The Refugee and Resettlement Dimension
The dominant thread in US–Bhutan contact over the past two decades has been refugee policy. Beginning in the early 1990s, US State Department annual human rights reports documented the expulsion of the Lhotshampa — Nepali-speaking Bhutanese from the southern districts — following the 1985 Citizenship Act and the 1988 census. Roughly 100,000 refugees accumulated in seven UNHCR-administered camps in Jhapa and Morang districts of eastern Nepal. The United States joined UNHCR, the European Union and India in calling for durable solutions throughout the 1990s and early 2000s, but made no bilateral approach to Thimphu on the question.[6]
The 2006 Offer and the Resettlement Programme
On 2 October 2006, US Assistant Secretary of State for Population, Refugees, and Migration Ellen Sauerbrey announced in Kathmandu that the United States was prepared to resettle up to 60,000 Bhutanese refugees from the Nepal camps over the following three to four years. The offer broke a fifteen-year bilateral deadlock between Bhutan and Nepal by sidestepping it entirely: resettlement rather than repatriation became the centre of gravity for international action on the camps.[7]
The first flights out of the camps departed for the United States in November 2007 and early 2008. Under the programme, which ran through 2016, the United States eventually received roughly 92,000 of the approximately 113,000 refugees resettled under the third-country resettlement framework coordinated by UNHCR and the International Organization for Migration. Other receiving countries — Canada, Australia, Norway, Denmark, the Netherlands, the United Kingdom and New Zealand — shared the remainder. The US share was by a wide margin the largest, and the US government became, in effect, the principal external party to the resolution of the Bhutanese refugee question.[2]
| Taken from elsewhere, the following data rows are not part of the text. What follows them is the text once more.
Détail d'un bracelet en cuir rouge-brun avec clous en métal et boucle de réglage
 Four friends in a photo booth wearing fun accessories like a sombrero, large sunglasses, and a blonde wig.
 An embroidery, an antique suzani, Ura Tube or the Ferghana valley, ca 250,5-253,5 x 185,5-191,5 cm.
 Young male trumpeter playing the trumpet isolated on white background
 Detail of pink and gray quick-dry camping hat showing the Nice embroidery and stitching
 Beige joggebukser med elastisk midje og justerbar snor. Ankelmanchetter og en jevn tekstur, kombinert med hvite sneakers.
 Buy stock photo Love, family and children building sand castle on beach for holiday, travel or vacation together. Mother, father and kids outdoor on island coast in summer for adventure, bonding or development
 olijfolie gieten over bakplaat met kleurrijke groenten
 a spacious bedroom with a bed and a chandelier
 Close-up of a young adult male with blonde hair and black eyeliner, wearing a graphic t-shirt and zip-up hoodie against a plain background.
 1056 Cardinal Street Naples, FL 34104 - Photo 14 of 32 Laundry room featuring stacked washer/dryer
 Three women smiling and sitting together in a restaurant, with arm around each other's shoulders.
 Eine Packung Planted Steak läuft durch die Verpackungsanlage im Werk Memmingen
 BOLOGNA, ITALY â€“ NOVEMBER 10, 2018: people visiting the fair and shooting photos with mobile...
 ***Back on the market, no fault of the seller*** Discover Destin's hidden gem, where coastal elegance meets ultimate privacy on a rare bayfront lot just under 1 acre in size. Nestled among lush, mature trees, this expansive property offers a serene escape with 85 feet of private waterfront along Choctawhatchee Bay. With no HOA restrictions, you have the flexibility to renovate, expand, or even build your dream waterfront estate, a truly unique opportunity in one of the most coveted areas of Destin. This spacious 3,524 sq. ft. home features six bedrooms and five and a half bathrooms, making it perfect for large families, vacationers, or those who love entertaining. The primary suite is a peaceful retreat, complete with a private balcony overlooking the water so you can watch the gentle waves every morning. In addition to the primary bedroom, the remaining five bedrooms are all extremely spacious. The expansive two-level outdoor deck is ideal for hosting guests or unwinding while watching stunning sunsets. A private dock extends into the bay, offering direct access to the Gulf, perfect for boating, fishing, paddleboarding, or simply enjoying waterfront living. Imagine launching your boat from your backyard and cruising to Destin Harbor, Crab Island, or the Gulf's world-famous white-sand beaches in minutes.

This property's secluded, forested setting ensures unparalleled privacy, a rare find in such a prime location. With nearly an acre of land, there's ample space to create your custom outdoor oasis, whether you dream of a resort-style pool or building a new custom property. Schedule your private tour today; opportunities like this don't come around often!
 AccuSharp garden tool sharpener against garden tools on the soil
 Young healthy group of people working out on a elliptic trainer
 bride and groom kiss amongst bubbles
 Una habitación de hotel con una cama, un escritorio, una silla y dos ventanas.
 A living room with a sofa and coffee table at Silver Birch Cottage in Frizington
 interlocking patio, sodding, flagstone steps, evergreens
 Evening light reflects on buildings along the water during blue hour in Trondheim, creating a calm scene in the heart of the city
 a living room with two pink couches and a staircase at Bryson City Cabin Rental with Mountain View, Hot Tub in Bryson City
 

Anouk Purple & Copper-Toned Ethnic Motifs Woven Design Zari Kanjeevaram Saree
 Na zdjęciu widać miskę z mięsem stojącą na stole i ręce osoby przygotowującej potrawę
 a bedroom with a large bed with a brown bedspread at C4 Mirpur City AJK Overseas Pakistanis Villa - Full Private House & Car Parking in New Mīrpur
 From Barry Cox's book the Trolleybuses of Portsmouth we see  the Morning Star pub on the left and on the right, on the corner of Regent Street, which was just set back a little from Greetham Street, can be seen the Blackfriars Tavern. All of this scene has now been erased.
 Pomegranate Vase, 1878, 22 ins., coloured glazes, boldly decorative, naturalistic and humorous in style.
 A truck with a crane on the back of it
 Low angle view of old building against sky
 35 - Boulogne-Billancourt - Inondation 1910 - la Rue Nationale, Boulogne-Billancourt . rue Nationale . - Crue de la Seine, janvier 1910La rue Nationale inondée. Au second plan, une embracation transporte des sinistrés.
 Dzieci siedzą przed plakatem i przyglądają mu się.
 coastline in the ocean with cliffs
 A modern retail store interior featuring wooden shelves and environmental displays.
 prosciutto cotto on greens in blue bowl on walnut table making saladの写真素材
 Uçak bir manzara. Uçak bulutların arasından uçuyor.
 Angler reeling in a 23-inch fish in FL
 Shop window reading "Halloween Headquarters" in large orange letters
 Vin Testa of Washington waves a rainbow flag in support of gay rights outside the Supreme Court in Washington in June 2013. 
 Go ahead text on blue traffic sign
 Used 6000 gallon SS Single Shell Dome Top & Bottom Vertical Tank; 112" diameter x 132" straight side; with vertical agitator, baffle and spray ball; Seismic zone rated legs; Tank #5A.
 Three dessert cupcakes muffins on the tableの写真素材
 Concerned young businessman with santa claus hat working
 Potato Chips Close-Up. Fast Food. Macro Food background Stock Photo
The Bhutanese-American Community
The resulting community clustered around initial resettlement sites and secondary-migration hubs. Central Ohio — particularly Columbus, Reynoldsburg and Pickerington — became the largest single concentration, with community estimates placing the Ohio population above 30,000. Pennsylvania, especially Harrisburg and Pittsburgh, developed the second-largest concentration, with community figures reporting more than 70,000 Bhutanese-Americans in the state. Other sizeable communities grew in the Dallas–Fort Worth area of Texas, in Atlanta, Utica (New York), Louisville, and parts of North Carolina and New Hampshire.
The community built its own institutions quickly: the Association of Bhutanese in America, the Global Bhutanese Hindu Organization, local Bhutanese community councils in most major cities, Nepali-language churches and temples, and Bhutan News Service and Bhutan Watch as diaspora media. Naturalisation rates were high: by the early 2020s most resettled adult refugees had acquired US citizenship, though a substantial minority — the cohort whose legal vulnerability became visible in 2025 — remained lawful permanent residents without naturalising.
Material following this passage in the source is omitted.